O humor é uma forma de arte que envolve sensações tão primais, tão básicas, que no campo sensorial provavelmente só perde para a pornografia.
Um paralelo como esse pode ajudar a explicar o porquê do humor, sobretudo por essas terras, ser considerado uma forma de arte menor, ou pior; sequer ser considerado arte.

Mas ser subestimado e ter seu título renegado não é privilégio apenas do humor.
Como "moda" pode ser arte? Como aquilo que todos nós fazemos todos os dias antes de sair de casa pode ser considerado um meio de manifestação artística? Assim como no humor, esta visão se dá por basicamente dois fatores: imersão e não-desenvolvimento.

1. Por imersão quero dizer que: se é uma coisa que você vê todo dia, faz todo dia, usa todo dia, isso não pode ser arte. Arte é aquela coisa séria e distante que custa caro, não se entende picas e que apenas os gênios, malucos e os veados fazem. E veado é o teu pai.

2. Por não-desenvolvimento quero dizer que: se não há uma busca para um resultado específico naquilo que você faz, dificilmente você conseguirá enxergar arte ali. E quem é que pode culpar um povo por não exergar arte no humor e na moda quando o vestuário existe apenas por conta de uma cara convenção social e o humor é utilizado como um alento, uma forma mais fácil de encarar a vida?

A identidade do humor brasileiro está no deboche, na dor. Está nas raízes etimológicas da palavra “comédia”. Mas não há arte onde não existe desenvolvimento artístico. O humor britânico, por exemplo, diferentemente do humor brasileiro que é usado como um substituto natural e gratuito à morfina, é usado pelos ingleses há séculos como uma forma de esgrima social. Os ingleses estão sempre aperfeiçoando suas técnicas, testando novos movimentos, afiando seus floretes verbais, enquanto que aqui é a situação que determina a existência e o teor da piada.
A intenção e a busca pelo desenvolvimento, seja do que for, faz com que este seja-o-que-for nasça em você sob forma de arte. É quando ela deixa de ser alegoria da mensagem para ser sua estrutura. Mas este é apenas o processo que deve existir no receptor, para o artísta é ainda necessário repertório, engenhosidade e principalmente talento para expressar o seu discurso.

Quando se percebe isso fica claro que não é possível fazer humor “tailor made”, coisa que infelizmente vem há tempos acontecendo em nosso cenário local impedindo a sua evolução.

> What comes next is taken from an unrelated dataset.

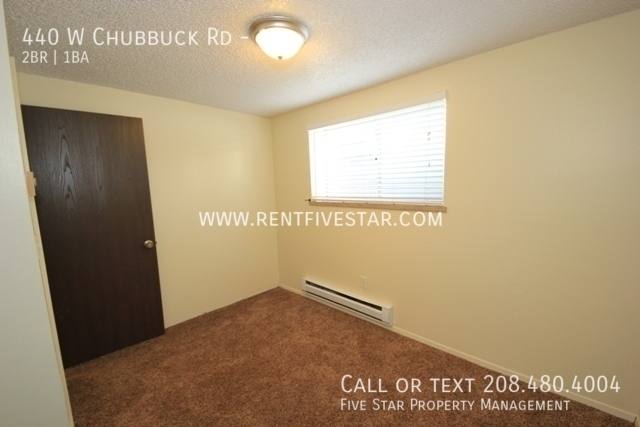 Apartment for rent at 440 W Chubbuck Rd #12, Pocatello, ID 83202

Salvo raríssimas exceções, tudo o que temos são comédias tolas, programas de auditório jurássicos, sitcoms baratos, escritos por redatores que acreditam terem encontrado a fórmula mágica perene da estrutura humorística e encenada por atores que tem ainda menos carisma do que cromossomos. Todos eles insultando a inteligência de seus espectadores ao passo em que perpetuam uma herança maldita naquilo que deveria de fato ser uma especie de patrimônio nacional.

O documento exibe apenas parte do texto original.